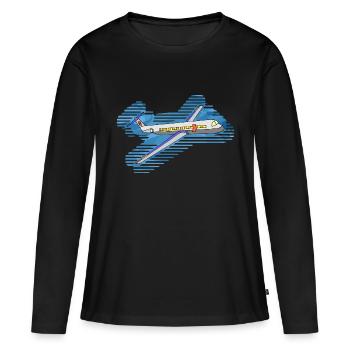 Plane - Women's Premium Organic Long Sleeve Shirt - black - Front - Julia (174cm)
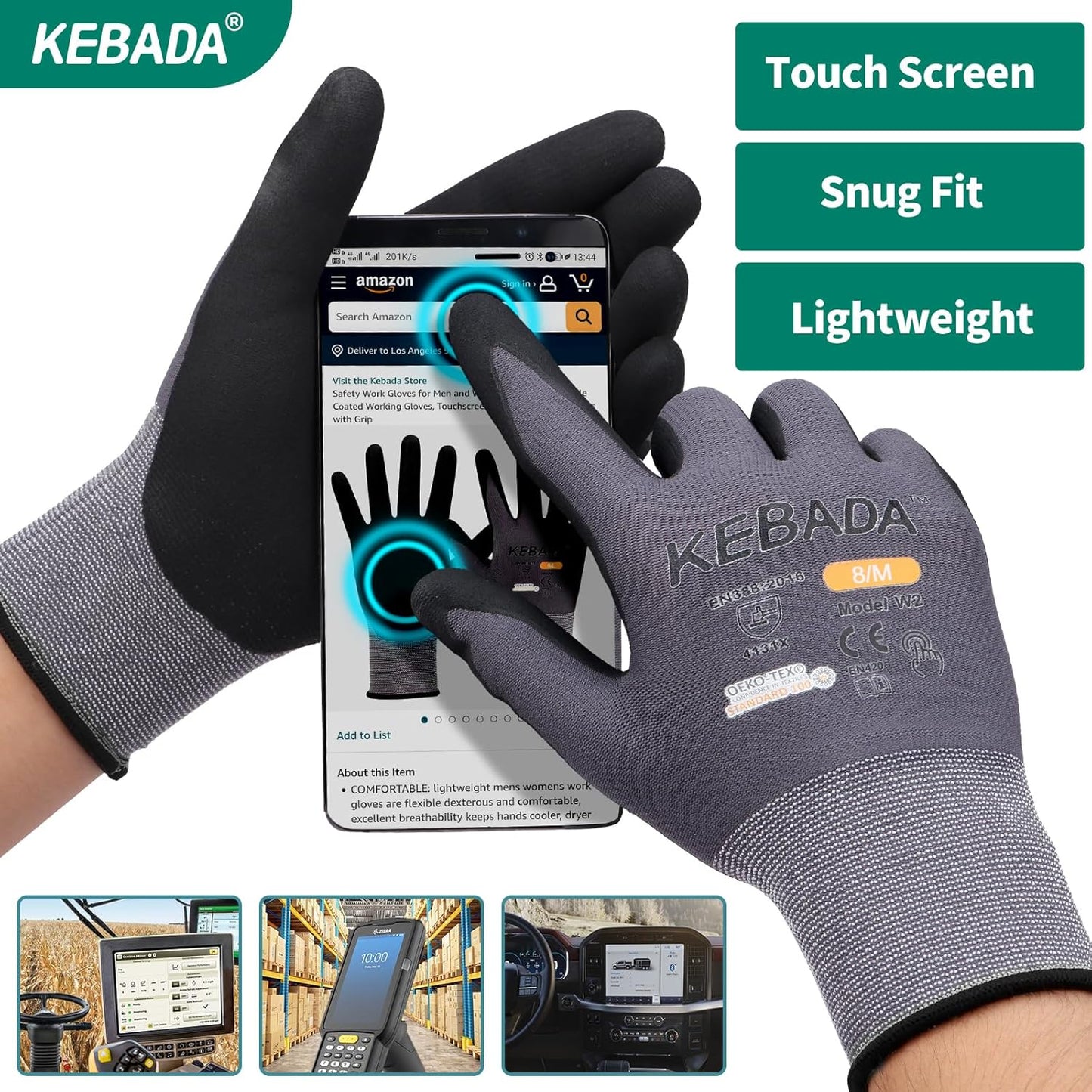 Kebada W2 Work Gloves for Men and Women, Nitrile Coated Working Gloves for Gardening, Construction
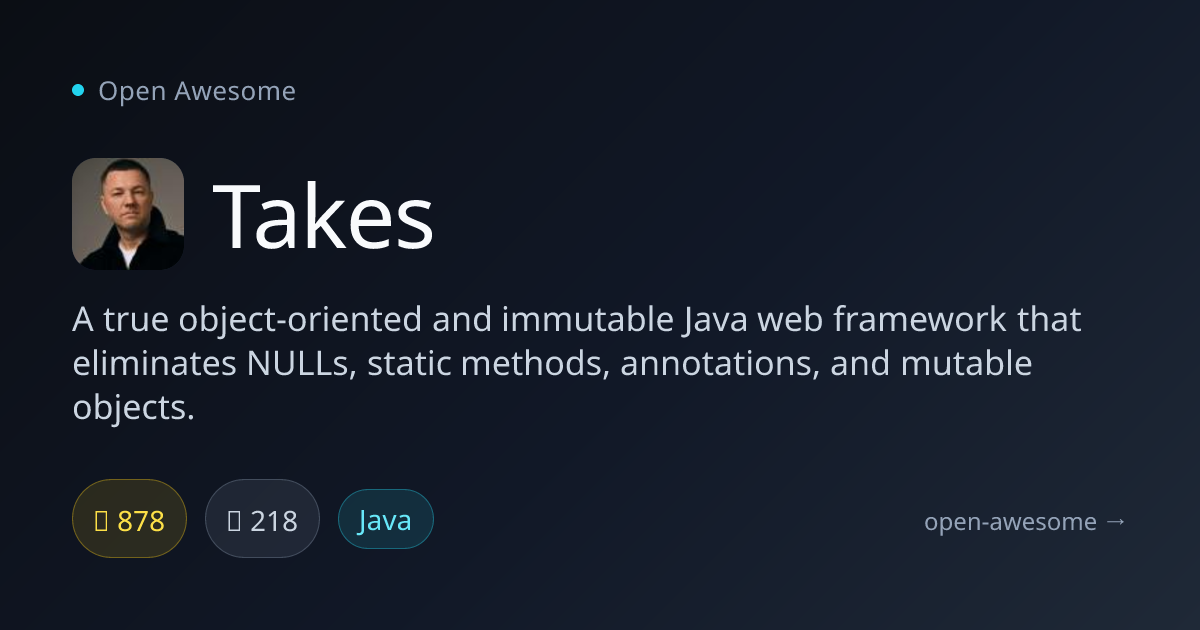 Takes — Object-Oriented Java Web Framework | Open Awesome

^^^^^^^^^^^^^^^^

** AIM OF THE TASK **
Please give back the material above exactly as written, pictures omitted.

** EXERCISE OUTPUT **
 Plane - Women's Premium Organic Long Sleeve Shirt - black - Front - Julia (174cm)
 Kebada W2 Work Gloves for Men and Women, Nitrile Coated Working Gloves for Gardening, Construction
 Takes — Object-Oriented Java Web Framework | Open Awesome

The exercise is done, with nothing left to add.